1. an ice cone 25mm high with a max radius of 15mm is floating apex downwards in a glass of water. if the ice cone has a mass of 5.3g to what depth will the cone be immersed? density of water is 1000kg/m^3



i know from the law of flotation that the weight of a floating body is equal to the weight of the fluid it displaces

so i should be using bouyancy = s1 x w / s

s1= density of object s = relative density of fluid and w is the wieght of the object but i can't seem to link this equation with anoter to find the depth.

maybe x/l x W?

The Attempt at a Solution

 

[LowlyPion]

You know the mass of the water that needs to be displaced.

Now the question arises what % of the volume of the cone will it immerse.

You might approach it as what is the size of a cone of displaced water that's equal to the mass of the original cone. Then that should tell you the depth of the ice cone that will be submerged shouldn't it? (You will need to keep the radius and the height in the same ratio.)

 

[nlightner]

:

Based on the given information, we can calculate the volume of the ice cone using the formula V = (1/3)πr^2h, where r = 15mm and h = 25mm. This gives us a volume of approximately 11.78 cm^3.

Next, we can use the given mass of 5.3g and the density of water (1000kg/m^3) to calculate the weight of the ice cone using the formula W = mg. This gives us a weight of 0.0053N.
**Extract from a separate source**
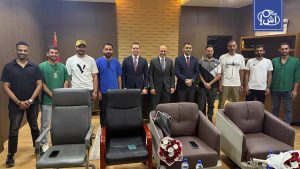 مصر ترتب عودة ثمانية بحارة من مقديشيو بعد الإفراج عنهم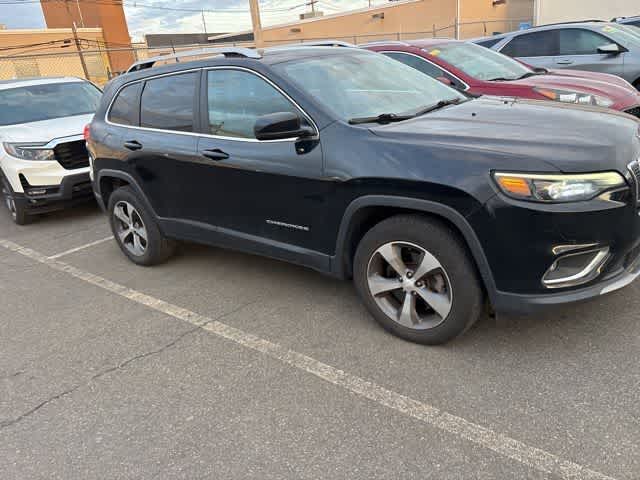 Thumbnail: 2019 Jeep Cherokee - 9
Using the law of flotation, we know that the weight of the ice cone is equal to the weight of the water it displaces. We can calculate the weight of the displaced water using the density of water and the volume of the ice cone. This gives us a weight of 0.01178N.

Now, we can use the formula for buoyancy, B = ρVg, where ρ is the density of the fluid (in this case, water), V is the volume of the displaced fluid, and g is the acceleration due to gravity. Plugging in our values, we get B = (1000kg/m^3)(0.01178m^3)(9.8m/s^2) = 0.1156N.

Finally, we can use the formula for the depth of immersion, d = B/(ρwg), where ρ is the density of the object, w is the weight of the object, and g is the acceleration due to gravity. Plugging in our values, we get d = (1000kg/m^3)(0.0053N)/(1000kg/m^3)(9.8m/s^2) = 0.00054m or 0.54mm. This means the ice cone will be immersed to a depth of approximately 0.54mm in the water.